# Good weekend at the South Rim



## Call-In the Country (Oct 10, 2011)

Here are a few pictures of the great weekend we had up at the South Rim. I went with a good friend of mine, Ryan, who up until this weekend had killed only one coyote in his life. After this weekend he is now sitting at 8!

We called Saturday and half of Sunday, filming the whole time so we only made 13 stands but we were going for quality not quantity. We ended up calling in 7 coyotes and Ryan was able to take every one of them. All 7 were female with the youngest being a year and a half and the oldest around 5 if my tooth aging is correct (picture). Two were with the shotgun at 20 yards and 50 yards and the other five were with his .223 AR-15. For not having much experience he did a great job. His first coyote was shot at 400 yards while it was trying to leave after it came in from behind us.

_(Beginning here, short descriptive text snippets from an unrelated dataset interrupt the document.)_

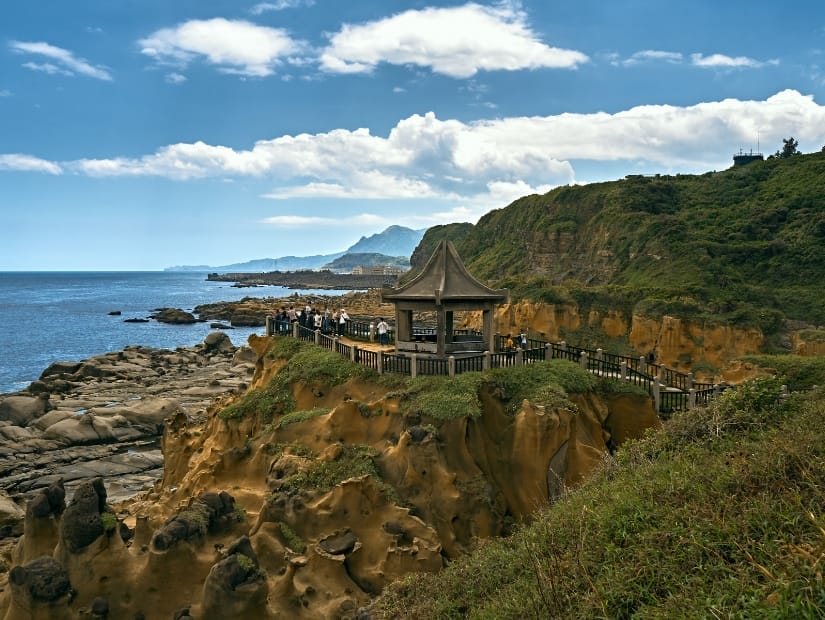 A pavilion on the coast of Taiwan with some visitors standing in it and admiring the view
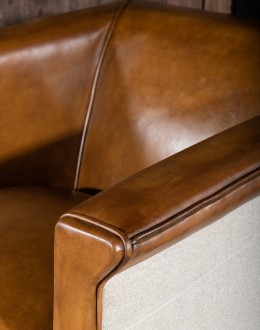 Image of the American-made Polo Club Chair showcasing its full grain leather upholstery with hand burnished details, and luxurious cream nylon tweed-textured fabric wrapping the outside arms and back, signifying modern rustic elegance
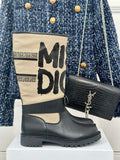 Dior ladies ankle boots with black leather uppers and cream logo shaft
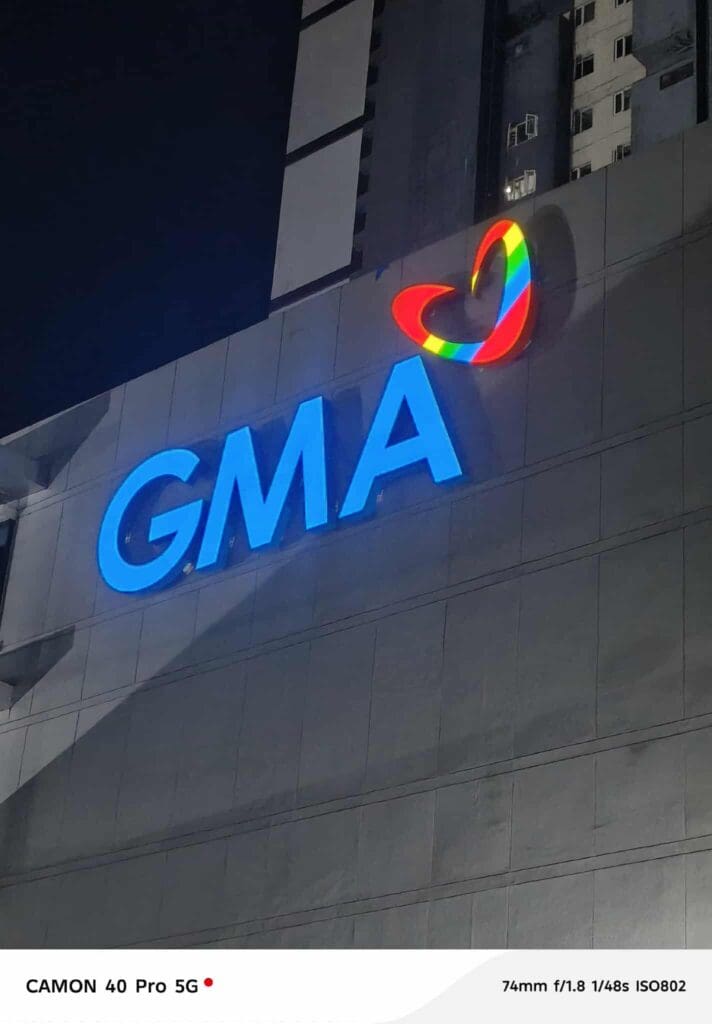 Outdoor LED building signage for GMA with rainbow heart logo in Metro Manila by sign maker Philippines, by M&G Global Ads.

I think the cards were just in our favor this weekend. The wind was terrible and we were still able to have a better than .500 call in ratio.


----------



## youngdon (Mar 10, 2010)

Welcome to the forum Call-in the country. Sounds to me like you all had a good time. Thanks for sharing.


----------



## Mattuk (Oct 16, 2010)

Welcome to PT Call-in the country. My word you had a good weekend!


----------



## bones44 (Jan 7, 2011)

Welcome ! Congrats on a grand harvest !!


----------



## hassell (Feb 9, 2010)

Congrats also, those weekends are few and far between.


----------



## Call-In the Country (Oct 10, 2011)

Thanks guys. We really did have a great time. It was nice to put that many coyotes in front of a guy who didn't have that much experience. I think he learned a lot in just a day and a half.


----------



## Antlerz22 (Apr 18, 2011)

Good jobs guys---and thats the way it should be done, no escapees, no wounding. And most importantly, having albeit "new" someone who can actually shoot well. That makes it all for a grand outing---thanks for sharing and share more when you can, we were having a real dry spell here as far as harvests were concerned. Except for Matt who is in the U.K and he is a deadly as well on his fox.


----------



## HowlinRed (Feb 3, 2011)

Nice dogs!!

And welcome to PT!


----------



## ReidRH (Feb 1, 2010)

Welcome CC I would love to have a weekend like that! Nice Pics and good story!


----------